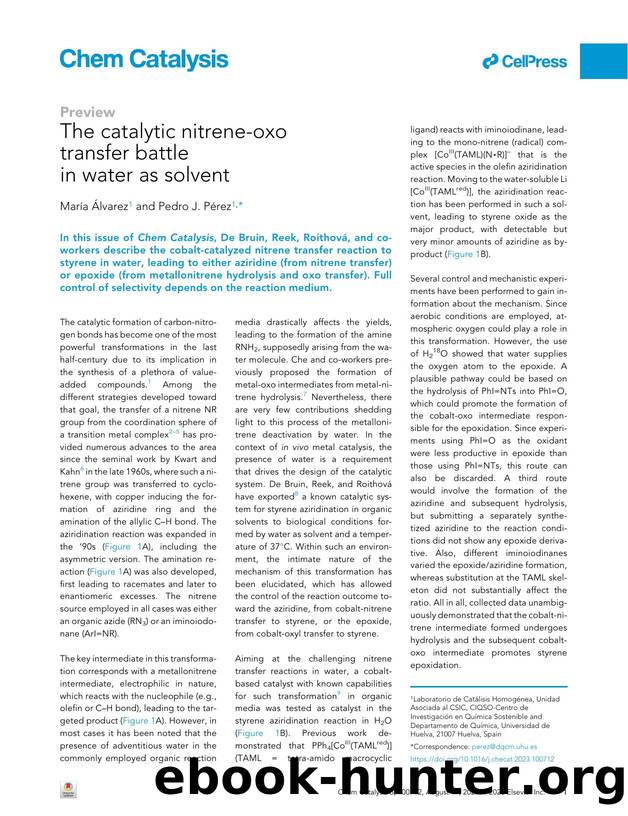 The catalytic nitrene-oxo transfer battle in water as solvent by María Álvarez & Pedro J. Pérez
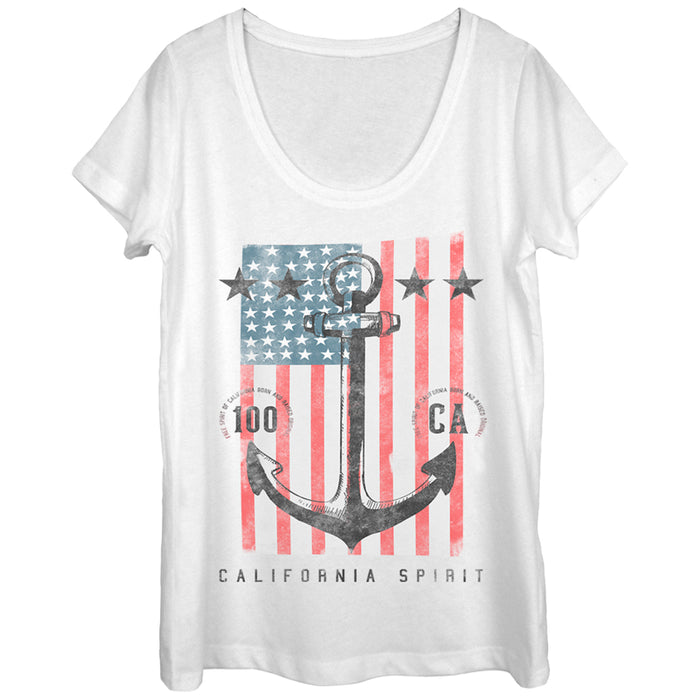 fifth sun Women's Lost Gods Fourth of July Anchor American Flag Scoop Neck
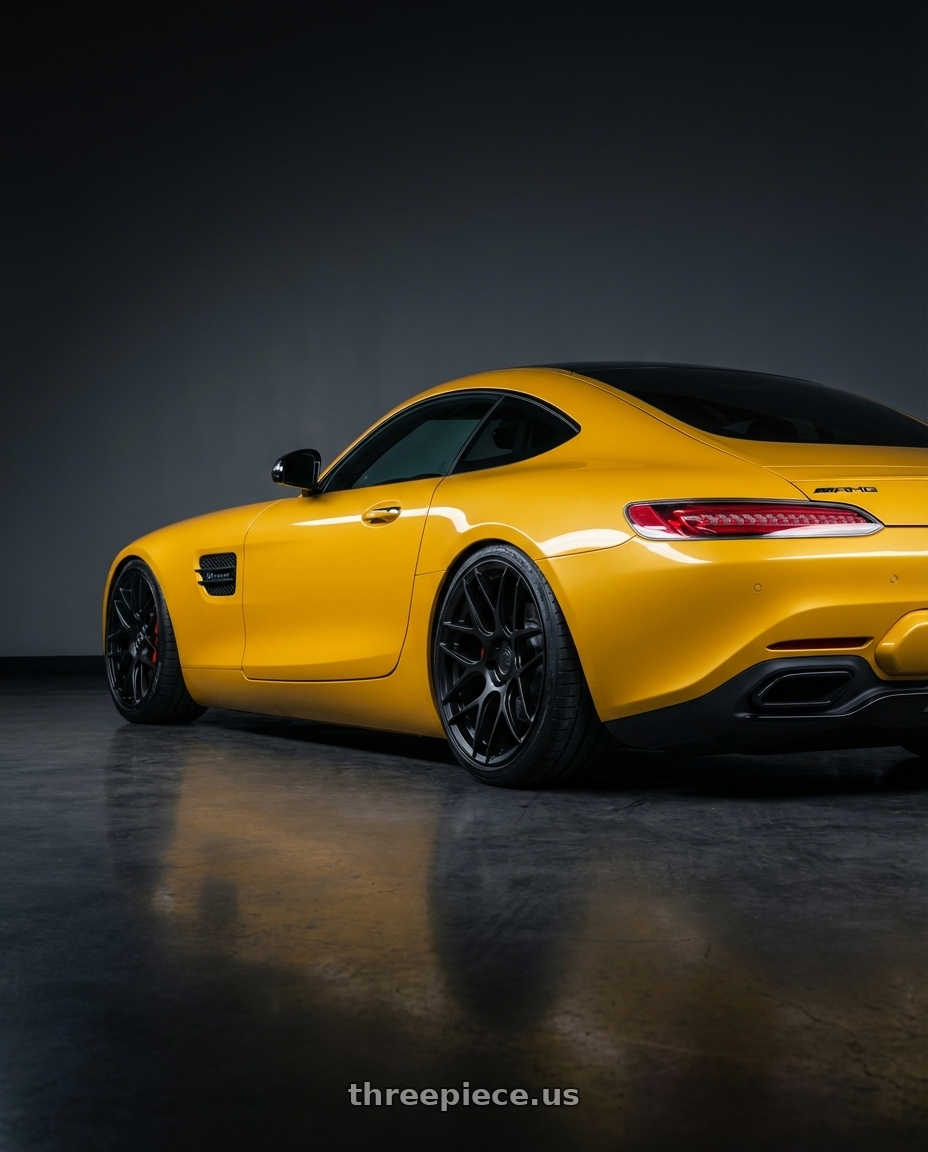 2019 Mercedes-Benz AMG GT with Aodhan AFF2 5x112 20x9+30 Matte Black wheels rear three quarter view slight stretch tires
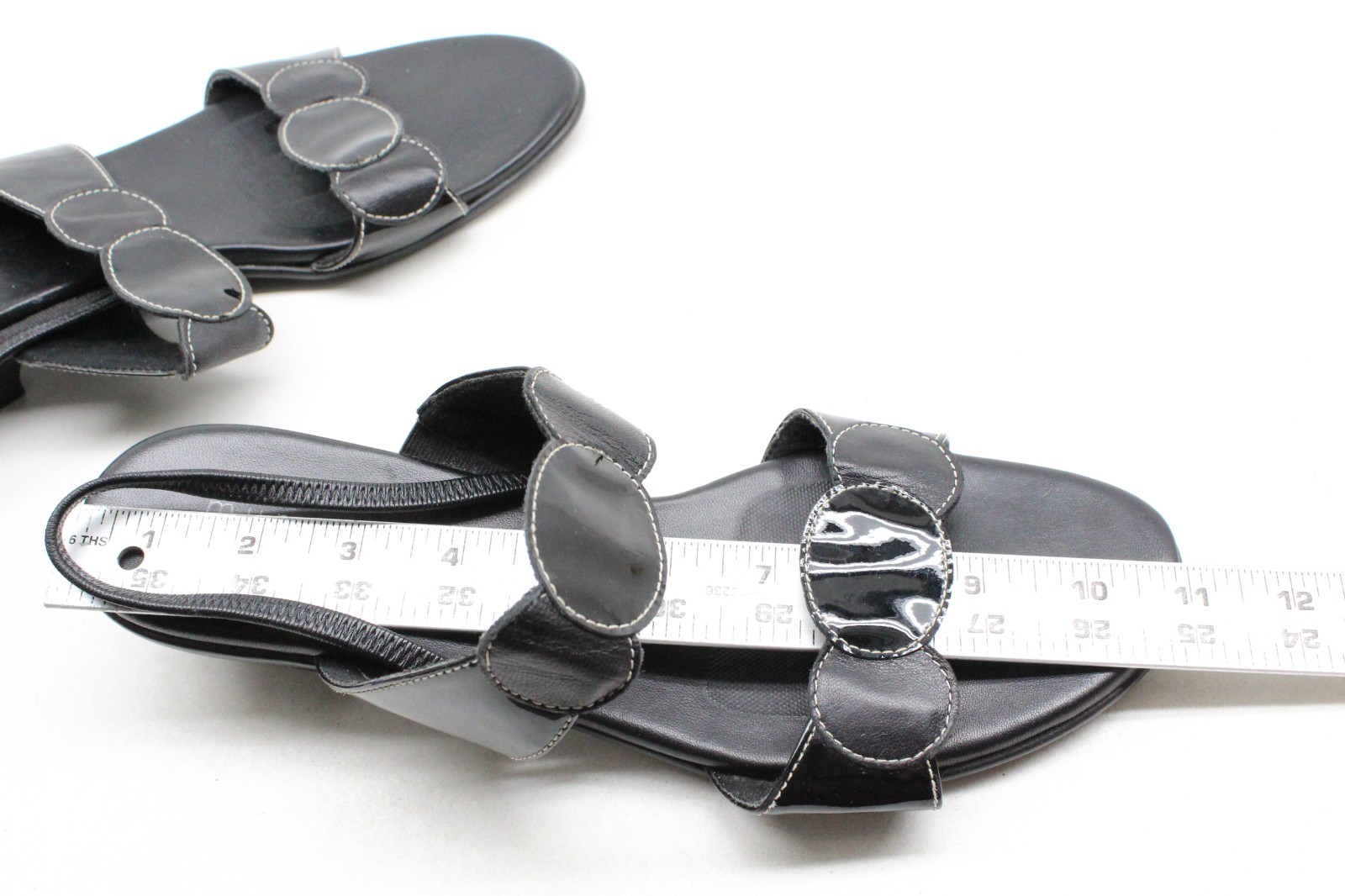 Munro American Eclipse Black Leather Sling Back Sandals Size 11 M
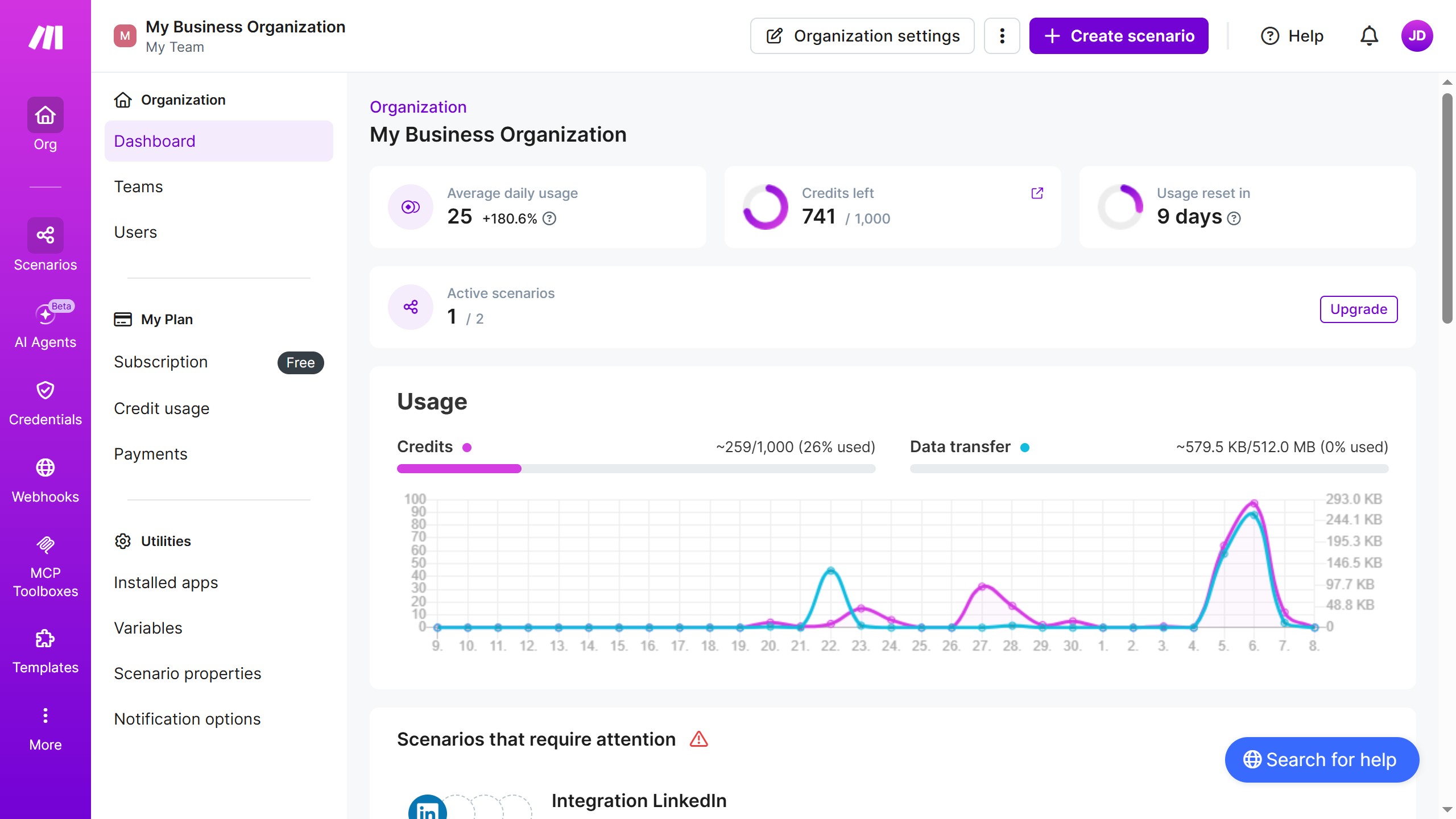 How to set a regular interval running schedule of a Zapier scenario in Make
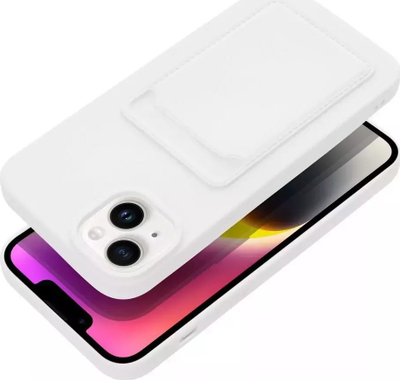 Силиконска футрола Forcell Card Case за iPhone 14 Plus, со џеб за картичка, бела
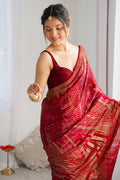 Maroon Soft Georgette Sequins Embroidery Work Saree With Blouse Piece
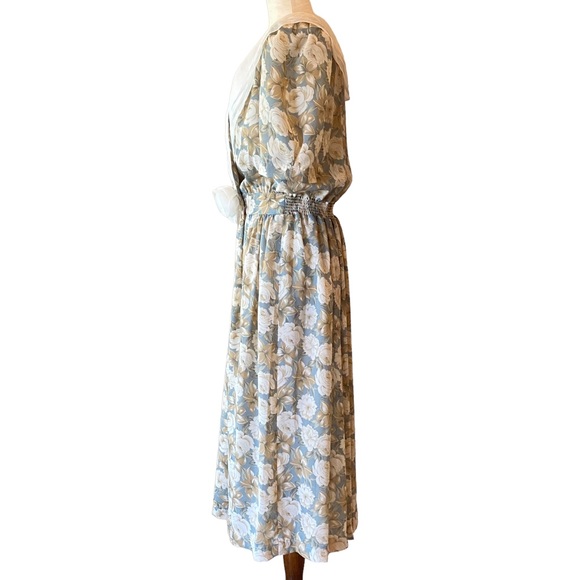 ⭐️.SOLD ⭐️ VINTAGE 80s LESLIE FAY COLLECTIONS Floral Puff Sleeve Dress Size 12 - Picture 3 of 14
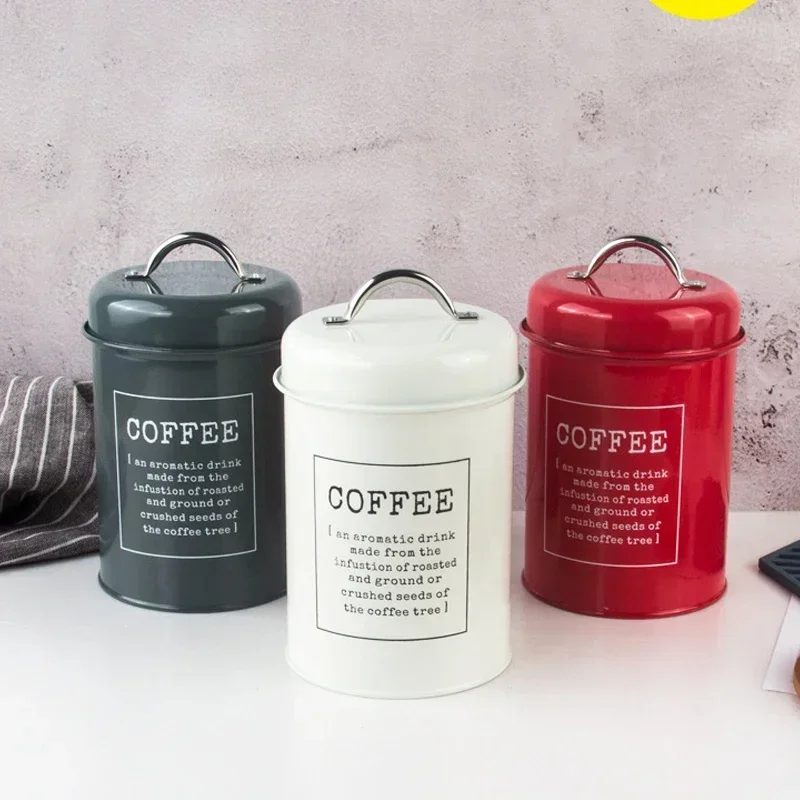 Kitchen Canisters Coffee Tea Sugar Flour Metal Tin Jars Nest Food Storage Container Farmhouse Decor Countertop Pantry Organizer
-=-=-=-=-
**PROMPT**
Take the records above from their first line through the line with "2019 Mercedes-Benz AMG" and set those lines down word for word, minus the pictures.

**TASK ANSWER**
 The catalytic nitrene-oxo transfer battle in water as solvent by María Álvarez & Pedro J. Pérez
 fifth sun Women's Lost Gods Fourth of July Anchor American Flag Scoop Neck
 2019 Mercedes-Benz AMG GT with Aodhan AFF2 5x112 20x9+30 Matte Black wheels rear three quarter view slight stretch tires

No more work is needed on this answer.